REQUIRED ACTION
Your reply is to be the lines below, exactly as written, with images omitted.

DATA SEGMENT
____

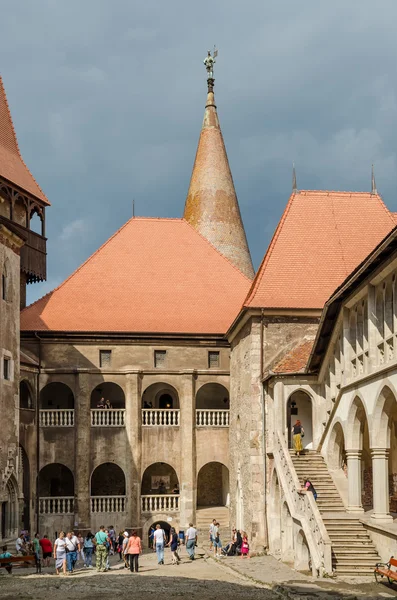 Palacio del Castillo de Corvin en Hunedoara, Rumania — Foto de Stock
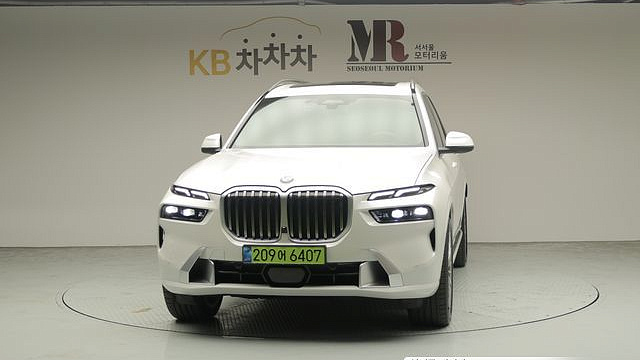 BMW X7 xDrive 40i Design Pure Excellence 6-Seater купить на сайте DeffCars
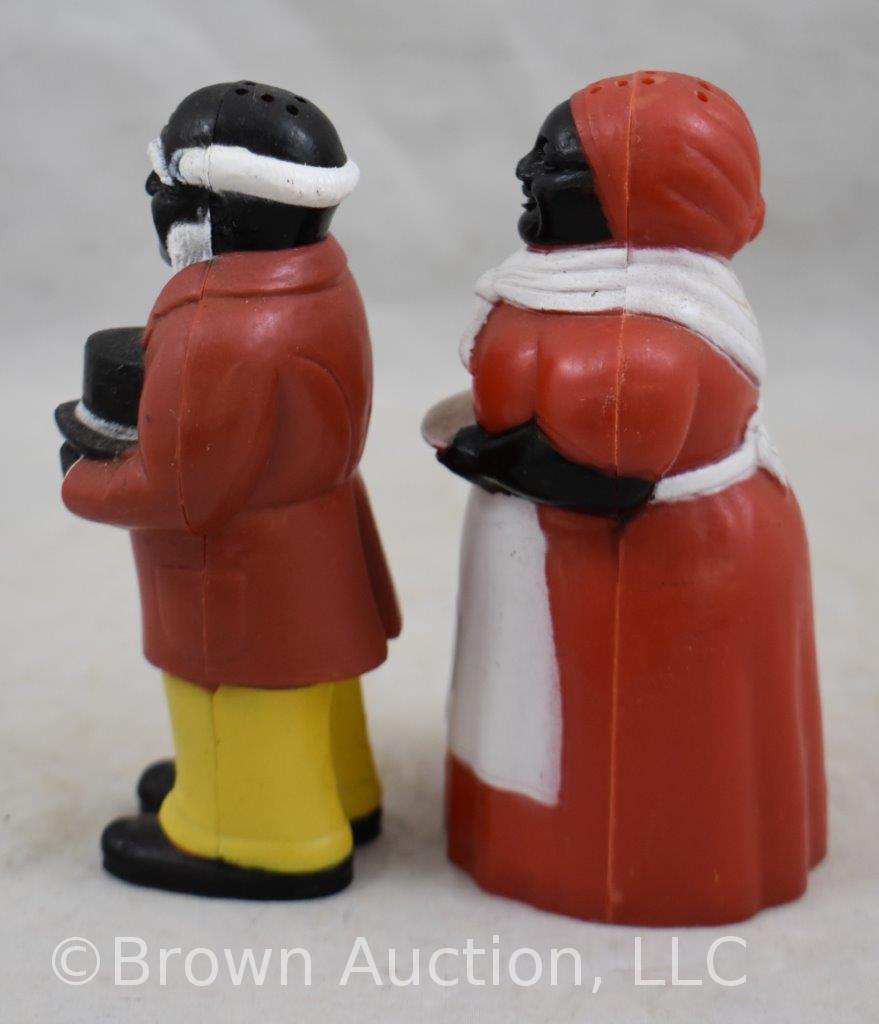 Aunt Jemima and Uncle Mose salt and pepper set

____

EXERCISE SOLUTION
 Palacio del Castillo de Corvin en Hunedoara, Rumania — Foto de Stock
 BMW X7 xDrive 40i Design Pure Excellence 6-Seater купить на сайте DeffCars
 Aunt Jemima and Uncle Mose salt and pepper set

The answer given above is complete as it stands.